I don't understand why this conversation has had to go on for this long.

The original post was in February of 2012, and it is now March of 2016. 
That's four years of discussion that basically boils down to a couple of 
purists insisting that their coding style is the only coding style, fits 
every possible scenario and is beautiful, while a much larger group comes 
up with scenarios where the given style guide is counterintuitive and 
difficult to read.

I think the salient fact here is that templating languages are supposed to 
be supersets of HTML, and as supersets should respect the native abilities 
of their parents. With HTML it is common and accepted to break tags with 
many attributes across multiple lines so that the code itself is easy to 
read (i.e., "visually parse", a term used frequently in this thread). This 
same convention extends into the Python world, where long lines can easily 
be broken down using parenthesis to maintain language constraints while 
allowing for ease of readability. In fact, PEP8 specifically prohibits 
lines longer than 80 characters, and even people who break that generally 
respect something along the lines of 99. Two Scoops will tell you that any 
community software should be a hard limit of 80, while internal projects 
can be allowed to go to 99 with group consensus. 

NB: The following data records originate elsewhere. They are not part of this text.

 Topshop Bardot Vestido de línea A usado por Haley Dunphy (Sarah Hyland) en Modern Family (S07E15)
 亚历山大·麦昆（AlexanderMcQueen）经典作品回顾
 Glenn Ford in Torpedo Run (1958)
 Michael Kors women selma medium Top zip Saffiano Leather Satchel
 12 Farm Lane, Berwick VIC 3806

So you have a python templating language for generating HTML, two languages 
which both embrace multi-line statements merging together, but we can't 
agree that it should probably also support this?

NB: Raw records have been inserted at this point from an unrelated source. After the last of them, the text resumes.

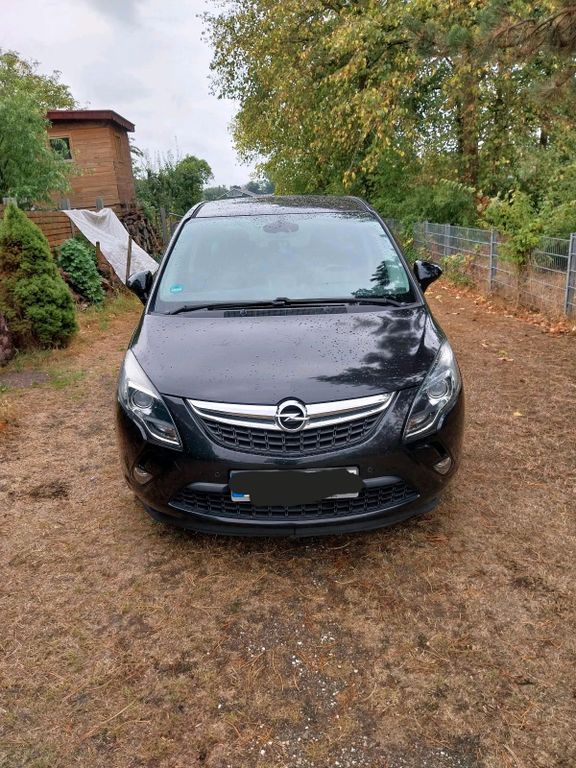 Image of Opel Zafira Tourer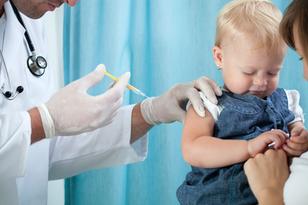 Illustration 1 docteur vaccin enfant parent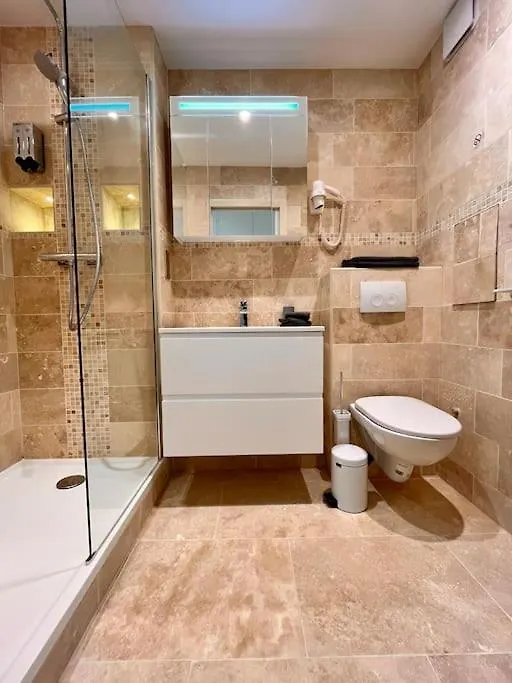 Montparnasse Art Gallery Studio /3P Apartment Paris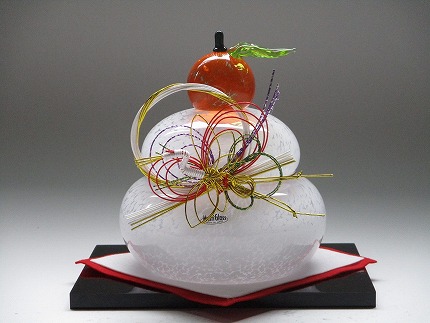 ガラス置物＜鏡餅（大）＞　◆マルティグラス[A0538]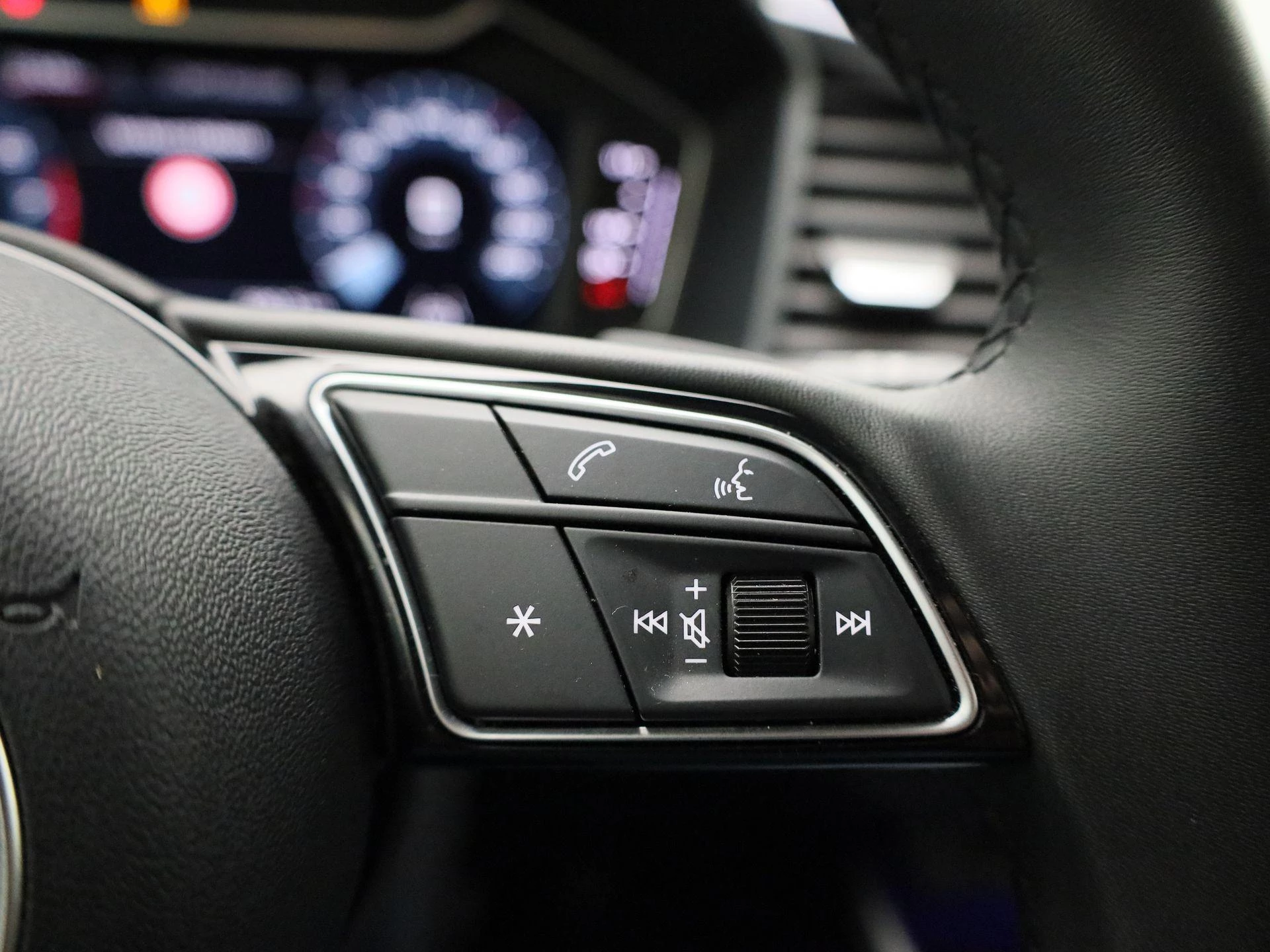 Audi-A1 Sportback-image-16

I think this conversation needs to come to a conclusion, and that 
conclusion should be simple. Several people have asked a very simple 
question of the purists: what is the "correct" way of writing tags which by 
nature need to be very long, without line breaks and without them being 400 
characters long. If no acceptable answer can be given, we need to just 
implement the line break mechanic and give the developers back their 
whitespace.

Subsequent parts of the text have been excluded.